Aim of the task: The answer should hold only the lines from the one containing "Set of Copper" through the one containing "Stethoscope ICU Nurse" in the entries below, copied exactly, without pictures.

Record extracts:
....

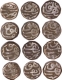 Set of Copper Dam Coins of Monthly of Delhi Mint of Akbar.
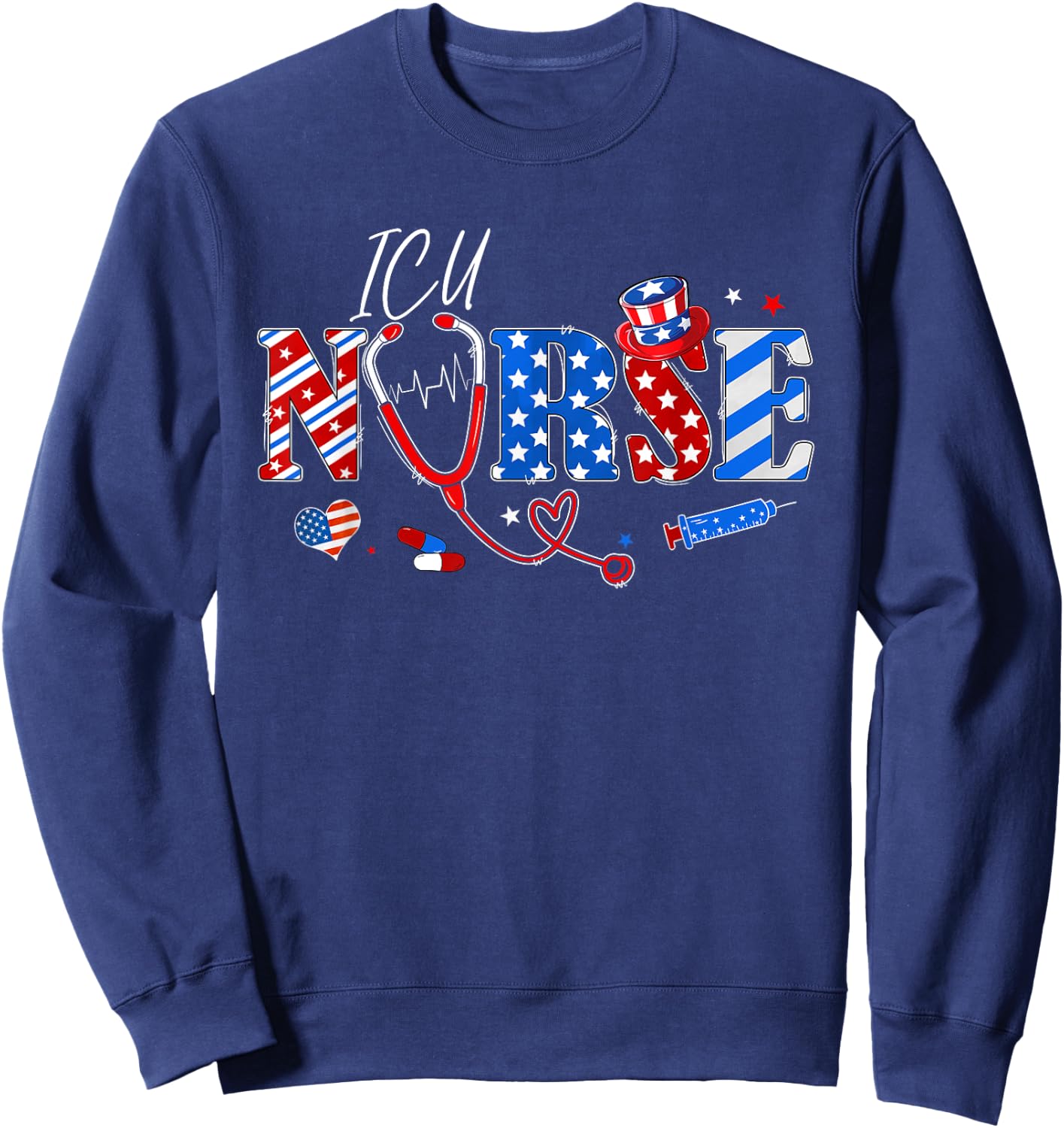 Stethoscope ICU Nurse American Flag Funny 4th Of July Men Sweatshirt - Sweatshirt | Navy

....

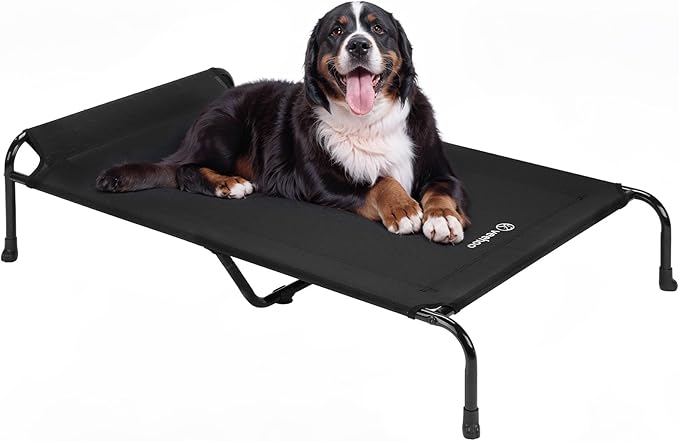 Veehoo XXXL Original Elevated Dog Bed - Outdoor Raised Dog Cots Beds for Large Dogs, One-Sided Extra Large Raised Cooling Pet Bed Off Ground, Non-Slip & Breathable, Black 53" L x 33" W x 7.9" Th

....

Solution to the problem:
 Set of Copper Dam Coins of Monthly of Delhi Mint of Akbar.
 Stethoscope ICU Nurse American Flag Funny 4th Of July Men Sweatshirt - Sweatshirt | Navy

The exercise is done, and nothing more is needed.